**WHAT YOU NEED TO DO:** Copy out all of the data below exactly, so that no word differs from the original.

**MATERIAL PROVIDED:**
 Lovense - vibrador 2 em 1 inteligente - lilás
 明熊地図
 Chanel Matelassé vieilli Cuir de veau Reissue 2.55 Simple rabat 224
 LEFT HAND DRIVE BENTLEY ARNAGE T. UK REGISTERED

**YOUR SOLUTION:**
 Lovense - vibrador 2 em 1 inteligente - lilás
 明熊地図
 Chanel Matelassé vieilli Cuir de veau Reissue 2.55 Simple rabat 224
 LEFT HAND DRIVE BENTLEY ARNAGE T. UK REGISTERED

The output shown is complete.